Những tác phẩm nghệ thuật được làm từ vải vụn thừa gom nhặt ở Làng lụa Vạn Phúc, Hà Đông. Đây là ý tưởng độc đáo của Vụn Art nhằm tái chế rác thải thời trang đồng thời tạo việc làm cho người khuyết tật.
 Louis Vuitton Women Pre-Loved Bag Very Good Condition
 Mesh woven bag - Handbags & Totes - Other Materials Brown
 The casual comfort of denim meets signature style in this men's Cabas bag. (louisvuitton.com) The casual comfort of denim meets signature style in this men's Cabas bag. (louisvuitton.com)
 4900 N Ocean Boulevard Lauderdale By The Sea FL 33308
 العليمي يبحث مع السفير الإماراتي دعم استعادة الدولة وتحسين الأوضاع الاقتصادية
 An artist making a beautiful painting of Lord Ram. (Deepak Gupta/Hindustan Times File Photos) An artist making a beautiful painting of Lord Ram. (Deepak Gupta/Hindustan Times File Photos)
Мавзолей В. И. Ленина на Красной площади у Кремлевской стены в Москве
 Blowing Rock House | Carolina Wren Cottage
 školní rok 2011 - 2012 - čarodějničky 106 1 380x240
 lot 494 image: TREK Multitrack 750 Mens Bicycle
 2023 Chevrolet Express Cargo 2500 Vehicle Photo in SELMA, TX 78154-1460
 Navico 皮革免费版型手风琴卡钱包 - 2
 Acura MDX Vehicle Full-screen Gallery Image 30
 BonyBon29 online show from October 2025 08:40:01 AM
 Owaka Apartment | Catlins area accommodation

..............................

PROBLEM TO SOLVE
Your answer should hold only the lines from the one with "Blowing Rock House | Carolina Wren Cottage" through the end of the listing above, both ends included, written out exactly.

WORKED SOLUTION
 Blowing Rock House | Carolina Wren Cottage
 školní rok 2011 - 2012 - čarodějničky 106 1 380x240
 lot 494 image: TREK Multitrack 750 Mens Bicycle
 2023 Chevrolet Express Cargo 2500 Vehicle Photo in SELMA, TX 78154-1460
 Navico 皮革免费版型手风琴卡钱包 - 2
 Acura MDX Vehicle Full-screen Gallery Image 30
 BonyBon29 online show from October 2025 08:40:01 AM
 Owaka Apartment | Catlins area accommodation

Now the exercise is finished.